§ Excerpts from a dataset
---+---

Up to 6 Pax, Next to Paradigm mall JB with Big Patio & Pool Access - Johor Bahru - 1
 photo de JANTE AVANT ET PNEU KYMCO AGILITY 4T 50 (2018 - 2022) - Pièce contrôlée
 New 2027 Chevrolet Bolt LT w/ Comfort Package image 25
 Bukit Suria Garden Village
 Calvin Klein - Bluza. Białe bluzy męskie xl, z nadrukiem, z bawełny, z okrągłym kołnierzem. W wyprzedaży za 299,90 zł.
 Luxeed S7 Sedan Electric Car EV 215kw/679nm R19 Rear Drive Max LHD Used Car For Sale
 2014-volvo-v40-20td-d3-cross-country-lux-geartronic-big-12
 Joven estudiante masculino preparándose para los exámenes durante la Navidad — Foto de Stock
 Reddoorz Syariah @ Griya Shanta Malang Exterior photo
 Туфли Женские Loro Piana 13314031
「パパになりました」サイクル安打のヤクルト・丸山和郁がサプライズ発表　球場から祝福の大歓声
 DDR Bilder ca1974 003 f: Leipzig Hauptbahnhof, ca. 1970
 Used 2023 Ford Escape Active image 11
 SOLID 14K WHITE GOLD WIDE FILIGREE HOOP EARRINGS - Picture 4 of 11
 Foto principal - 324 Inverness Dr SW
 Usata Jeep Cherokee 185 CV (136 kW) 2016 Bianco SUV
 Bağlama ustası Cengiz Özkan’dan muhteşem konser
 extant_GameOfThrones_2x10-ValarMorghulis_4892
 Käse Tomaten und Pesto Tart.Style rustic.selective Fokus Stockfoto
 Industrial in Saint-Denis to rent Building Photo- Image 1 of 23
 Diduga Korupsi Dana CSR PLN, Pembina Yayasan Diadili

---+---

§ BRIEF
Without changing a word, print all of the entries above.

§ RESULT OF THIS EXERCISE
Up to 6 Pax, Next to Paradigm mall JB with Big Patio & Pool Access - Johor Bahru - 1
 photo de JANTE AVANT ET PNEU KYMCO AGILITY 4T 50 (2018 - 2022) - Pièce contrôlée
 New 2027 Chevrolet Bolt LT w/ Comfort Package image 25
 Bukit Suria Garden Village
 Calvin Klein - Bluza. Białe bluzy męskie xl, z nadrukiem, z bawełny, z okrągłym kołnierzem. W wyprzedaży za 299,90 zł.
 Luxeed S7 Sedan Electric Car EV 215kw/679nm R19 Rear Drive Max LHD Used Car For Sale
 2014-volvo-v40-20td-d3-cross-country-lux-geartronic-big-12
 Joven estudiante masculino preparándose para los exámenes durante la Navidad — Foto de Stock
 Reddoorz Syariah @ Griya Shanta Malang Exterior photo
 Туфли Женские Loro Piana 13314031
「パパになりました」サイクル安打のヤクルト・丸山和郁がサプライズ発表　球場から祝福の大歓声
 DDR Bilder ca1974 003 f: Leipzig Hauptbahnhof, ca. 1970
 Used 2023 Ford Escape Active image 11
 SOLID 14K WHITE GOLD WIDE FILIGREE HOOP EARRINGS - Picture 4 of 11
 Foto principal - 324 Inverness Dr SW
 Usata Jeep Cherokee 185 CV (136 kW) 2016 Bianco SUV
 Bağlama ustası Cengiz Özkan’dan muhteşem konser
 extant_GameOfThrones_2x10-ValarMorghulis_4892
 Käse Tomaten und Pesto Tart.Style rustic.selective Fokus Stockfoto
 Industrial in Saint-Denis to rent Building Photo- Image 1 of 23
 Diduga Korupsi Dana CSR PLN, Pembina Yayasan Diadili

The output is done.